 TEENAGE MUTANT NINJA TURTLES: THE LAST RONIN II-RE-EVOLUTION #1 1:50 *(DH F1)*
--------
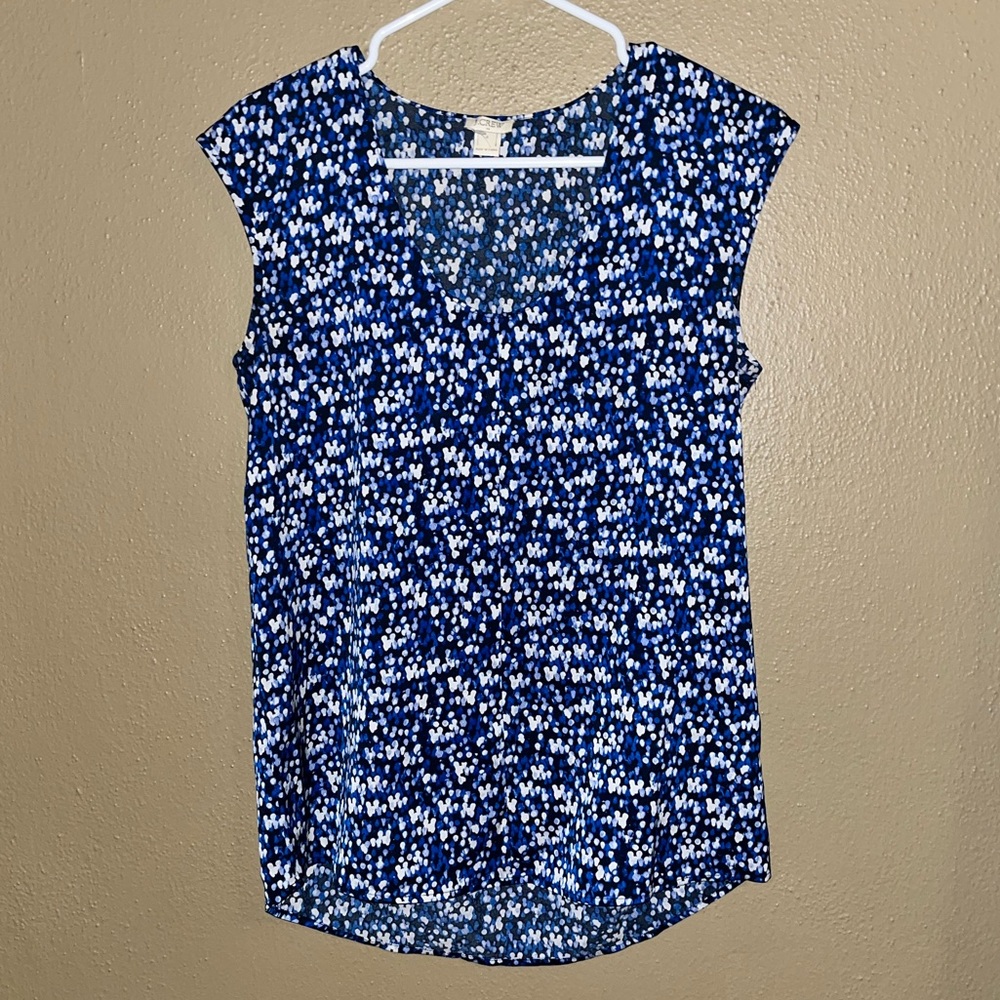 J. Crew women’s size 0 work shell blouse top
--------
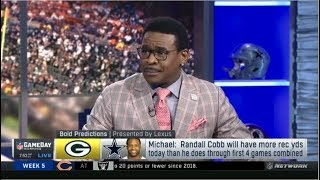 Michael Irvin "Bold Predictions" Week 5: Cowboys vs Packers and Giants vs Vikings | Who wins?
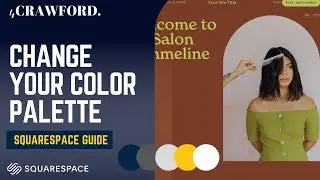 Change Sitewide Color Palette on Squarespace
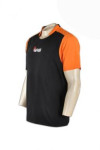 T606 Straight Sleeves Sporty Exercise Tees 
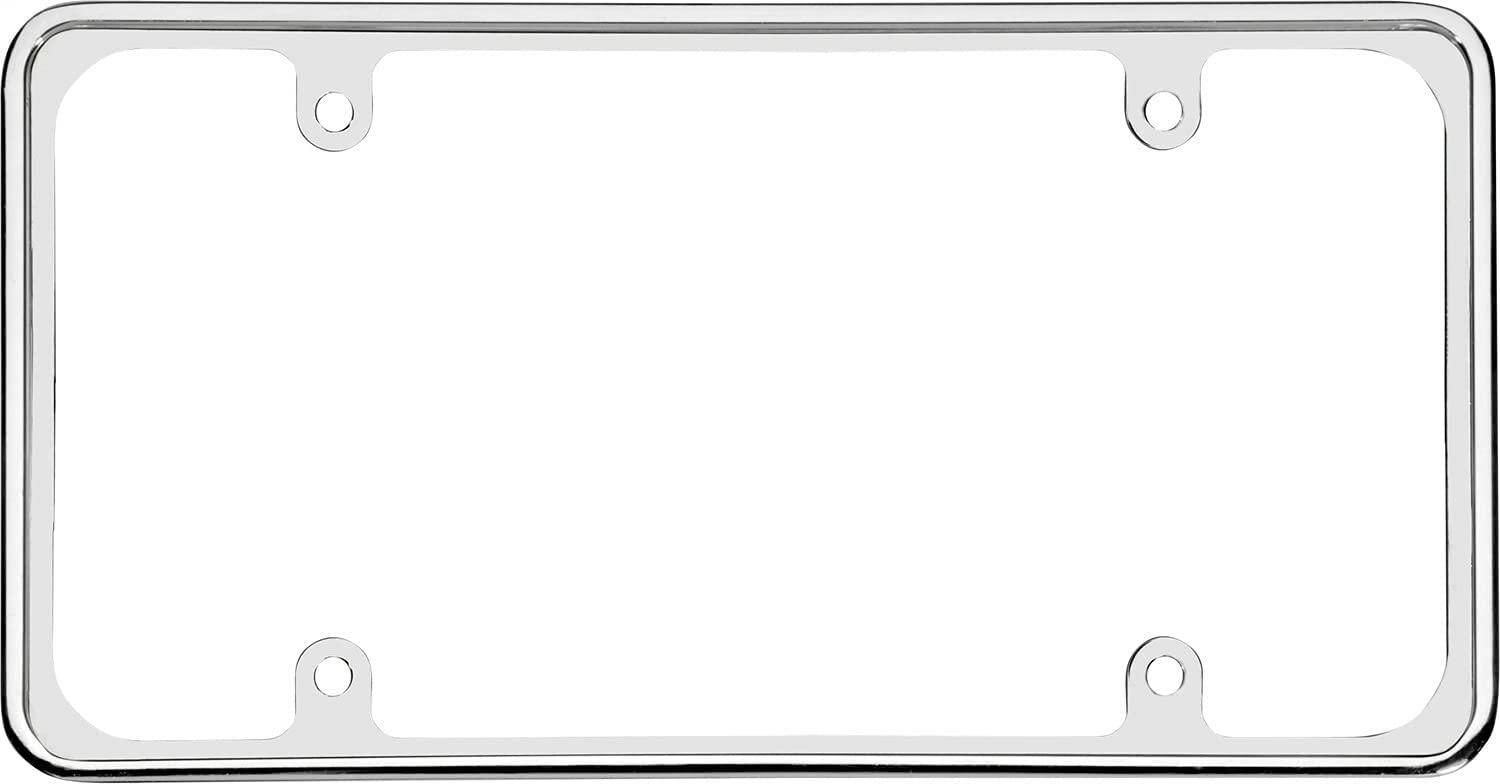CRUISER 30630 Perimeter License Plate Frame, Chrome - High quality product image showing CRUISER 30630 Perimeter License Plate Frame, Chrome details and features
--------
# Work task
In the material above, the stretch from the line with "Vikings | Who wins?" through the line with "T606 Straight Sleeves Sporty Exercise Tees" is to be given again exactly, minus the pictures.

# Answer for the task
 Michael Irvin "Bold Predictions" Week 5: Cowboys vs Packers and Giants vs Vikings | Who wins?
 Change Sitewide Color Palette on Squarespace
 T606 Straight Sleeves Sporty Exercise Tees 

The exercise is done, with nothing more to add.